Early 2021: A friend at work mentioned he’d tripled his money on Ethereum. I sold half my tech positions and went into Bitcoin and a handful of altcoins. I downloaded three different crypto apps and checked prices before bed every night.

Late 2022: Crypto had collapsed. My tech stocks were down 40%. I sold everything and put the cash into a 1-year GIC paying 5%. Finally, something “safe.”

Mid-2023: The GIC matured. Markets had recovered significantly while my money sat earning 5%. I read a book about value investing. Warren Buffett, Benjamin Graham, margin of safety. I bought a handful of “undervalued” Canadian stocks. I was a value investor now.

Early 2024: Two of my value picks had gone nowhere. One had dropped 25%. I felt like I was always one step behind. I was tired. Not just financially tired – existentially tired. Tired of researching, tired of being wrong, tired of watching other strategies outperform whatever I happened to be holding.

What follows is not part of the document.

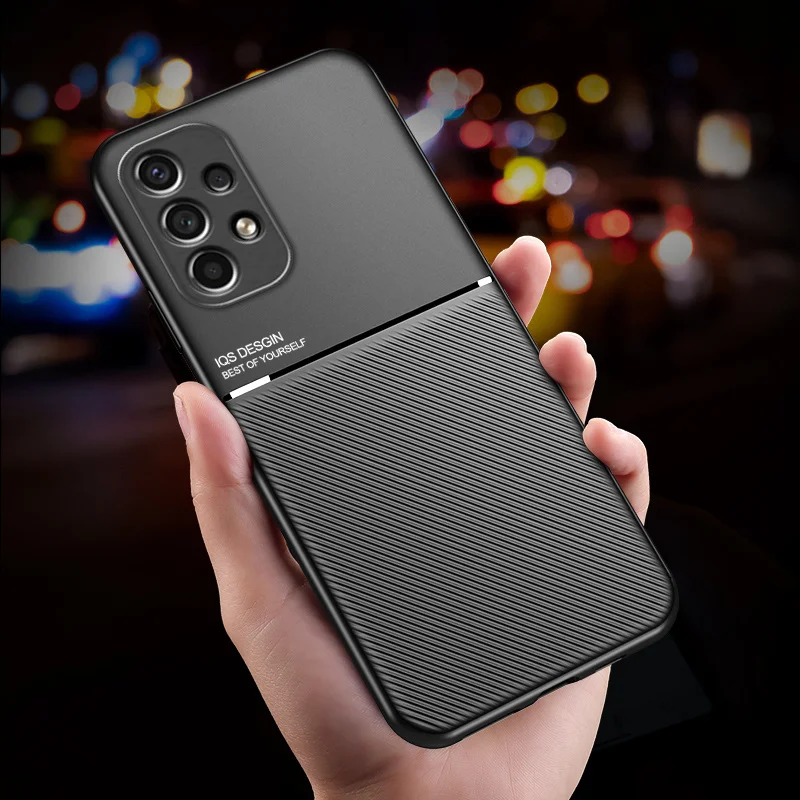 For Samsung Galaxy A13 4G Case Car Magnetic Holder Leather Plate Phone Cases For Samsung A13 A 13 2022 SM-A135F Soft Back Cover 3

That is when I finally bought XEQT. Not because I had some brilliant revelation, but because I had run out of strategies to chase.

And here is the thing nobody told me: the strategy-hopping itself was the problem. Not any individual strategy I chose. The constant switching – the selling, the buying, the capital gains taxes, the missed recoveries, the transaction costs, the emotional whiplash – was the single biggest drag on my portfolio. Every time I “upgraded” my approach, I was actually resetting my compounding clock and locking in losses.

This post is about the meta-mistake that contains all the other mistakes. It is about the investor identity crisis of never committing to anything long enough for it to work. And it is about why the most powerful thing you can do for your financial future is choose one reasonable strategy and stick with it for a very long time.

Stop Switching. Start Compounding.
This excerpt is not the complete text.